Supplied information:
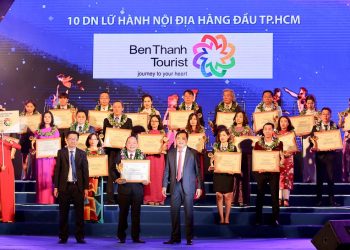 BENTHANH TOURIST ĐẠT TOP 10 DOANH NGHIỆP LỮ HÀNH HÀNG ĐẦU TP.HCM
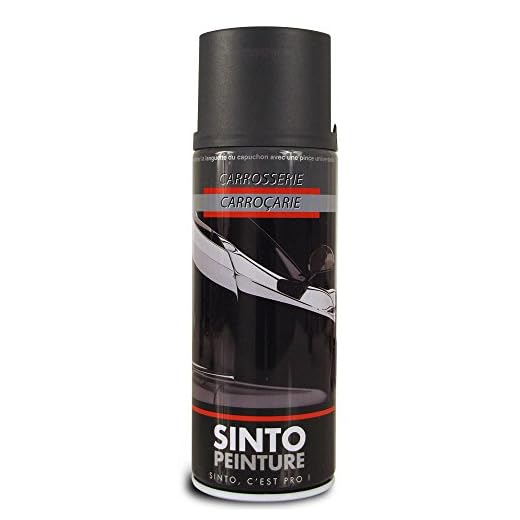 SINTO - Bombe peinture Carrosserie - Appret gris - Aérosol 400 ml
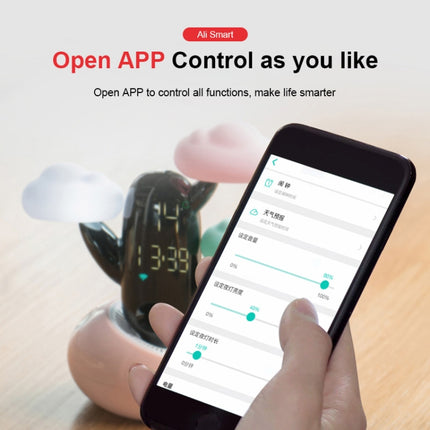 Cloud Weather Time Light Multifunctional Smart Induction Child Wake Up Alarm Clock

Exercise prompt:
Copy the material above in full and exactly, skipping pictures.

Output for this exercise:
 BENTHANH TOURIST ĐẠT TOP 10 DOANH NGHIỆP LỮ HÀNH HÀNG ĐẦU TP.HCM
 SINTO - Bombe peinture Carrosserie - Appret gris - Aérosol 400 ml
 Cloud Weather Time Light Multifunctional Smart Induction Child Wake Up Alarm Clock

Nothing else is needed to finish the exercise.